Mechanical conditions that accelerate intervertebral disc degeneration: overload versus immobilization

Abstract

Study design: A review of the literature on macromechanical factors that accelerate disc degeneration with particular focus on distinguishing the roles of immobilization and overloading.

Objective: This review examines evidence from the literature in the areas of biomechanics, epidemiology, animal models, and intervertebral disc physiology. The purpose is to examine: 1) what are the degeneration-related alterations in structural, material, and failure properties in the disc; and 2) evidence in the literature for causal relationships between mechanical loading and alterations in those structural and material properties that constitute disc degeneration.

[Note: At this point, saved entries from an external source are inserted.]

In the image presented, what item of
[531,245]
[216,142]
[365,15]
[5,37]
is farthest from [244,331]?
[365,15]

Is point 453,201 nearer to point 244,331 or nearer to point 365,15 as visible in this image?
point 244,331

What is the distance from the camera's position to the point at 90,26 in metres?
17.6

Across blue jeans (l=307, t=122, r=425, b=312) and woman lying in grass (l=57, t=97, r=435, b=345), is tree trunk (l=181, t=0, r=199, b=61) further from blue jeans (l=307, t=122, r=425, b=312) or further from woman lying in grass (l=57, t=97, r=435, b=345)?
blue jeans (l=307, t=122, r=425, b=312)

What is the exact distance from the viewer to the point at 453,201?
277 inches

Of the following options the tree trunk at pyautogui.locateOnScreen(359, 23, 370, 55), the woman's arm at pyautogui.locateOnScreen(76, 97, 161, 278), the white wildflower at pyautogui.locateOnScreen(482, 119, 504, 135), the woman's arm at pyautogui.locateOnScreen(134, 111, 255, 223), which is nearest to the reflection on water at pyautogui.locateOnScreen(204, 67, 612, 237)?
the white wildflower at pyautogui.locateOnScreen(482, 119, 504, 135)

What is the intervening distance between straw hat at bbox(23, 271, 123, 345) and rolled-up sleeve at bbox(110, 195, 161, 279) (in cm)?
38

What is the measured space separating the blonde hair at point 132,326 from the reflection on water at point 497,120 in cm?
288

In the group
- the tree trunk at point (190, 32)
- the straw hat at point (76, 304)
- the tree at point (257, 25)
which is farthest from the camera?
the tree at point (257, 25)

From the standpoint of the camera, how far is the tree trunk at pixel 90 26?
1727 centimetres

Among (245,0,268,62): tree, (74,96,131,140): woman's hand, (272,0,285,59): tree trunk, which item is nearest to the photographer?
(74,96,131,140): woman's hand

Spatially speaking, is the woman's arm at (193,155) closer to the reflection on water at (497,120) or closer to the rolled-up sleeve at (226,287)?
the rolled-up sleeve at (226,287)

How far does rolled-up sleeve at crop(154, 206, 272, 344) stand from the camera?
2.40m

Summary of background data: It is widely assumed that the mechanical environment of the intervertebral disc at least in part determines its rate of degeneration. However, there are two plausible and contrasting theories as to the mechanical conditions that promote degeneration: 1) mechanical overload; and 2) reduced motion and loading.

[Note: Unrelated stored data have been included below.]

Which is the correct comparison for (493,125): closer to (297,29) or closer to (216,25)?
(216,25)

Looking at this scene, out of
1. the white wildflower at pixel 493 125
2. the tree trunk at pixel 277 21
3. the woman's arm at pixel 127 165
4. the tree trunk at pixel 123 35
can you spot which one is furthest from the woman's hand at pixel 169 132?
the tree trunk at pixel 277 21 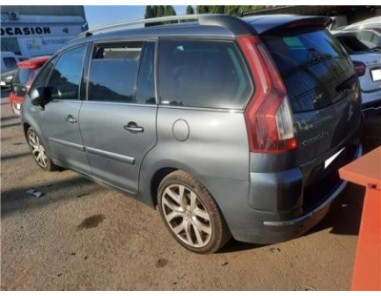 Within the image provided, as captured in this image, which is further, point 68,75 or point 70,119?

Results: There are a greater number of studies addressing the "wear and tear" theory than the immobilization theory. Evidence is accumulating to support the notion that there is a "safe window" of tissue mechanical conditions in which the discs remain healthy.

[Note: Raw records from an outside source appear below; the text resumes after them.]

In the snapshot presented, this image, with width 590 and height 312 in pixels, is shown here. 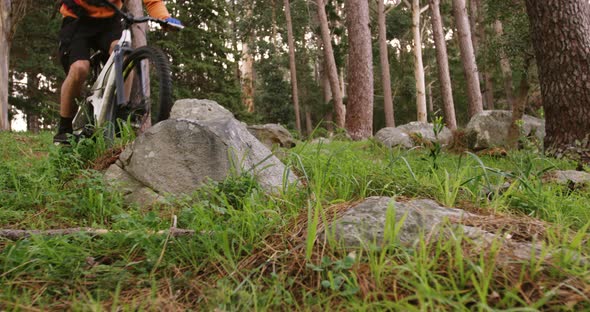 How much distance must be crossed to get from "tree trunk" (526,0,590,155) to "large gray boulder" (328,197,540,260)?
4.23 m

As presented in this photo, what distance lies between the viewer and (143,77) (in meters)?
3.43

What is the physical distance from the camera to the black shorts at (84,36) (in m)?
3.65

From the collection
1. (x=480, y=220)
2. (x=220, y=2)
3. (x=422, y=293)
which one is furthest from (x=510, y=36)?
(x=220, y=2)

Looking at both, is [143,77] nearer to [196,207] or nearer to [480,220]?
[196,207]

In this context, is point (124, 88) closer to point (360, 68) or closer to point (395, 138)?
point (395, 138)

Conclusions: It is concluded that probably any abnormal loading conditions (including overload and immobilization) can produce tissue trauma and/or adaptive changes that may result in disc degeneration. Adverse mechanical conditions can be due to external forces, or may result from impaired neuromuscular control of the paraspinal and abdominal muscles. Future studies will need to evaluate additional unquantified interactions between biomechanics and factors such as genetics and behavioral responses to pain and disability.

Figure 1.

A diagram of some supposed biomechanical interactions that can produce disc damage and degeneration. In the early stages of disc damage, a “wear and tear” mechanism applies, and the small lesions are probably not painful. More advanced and more painful degenerative changes encourage hypomobility and underuse, which in turn may accelerate degeneration. *Mechanical damage to the disc can include fiber damage, delamination, anulus tears, and associated proteoglycan loss. **Altered cell level signals can include fluid flow, cell strain, altered nutrition, accumulation of waste products, and loss of cellularity. ***Matrix remodeling can include alterations in gene expression, enzyme activity, composition, and structure.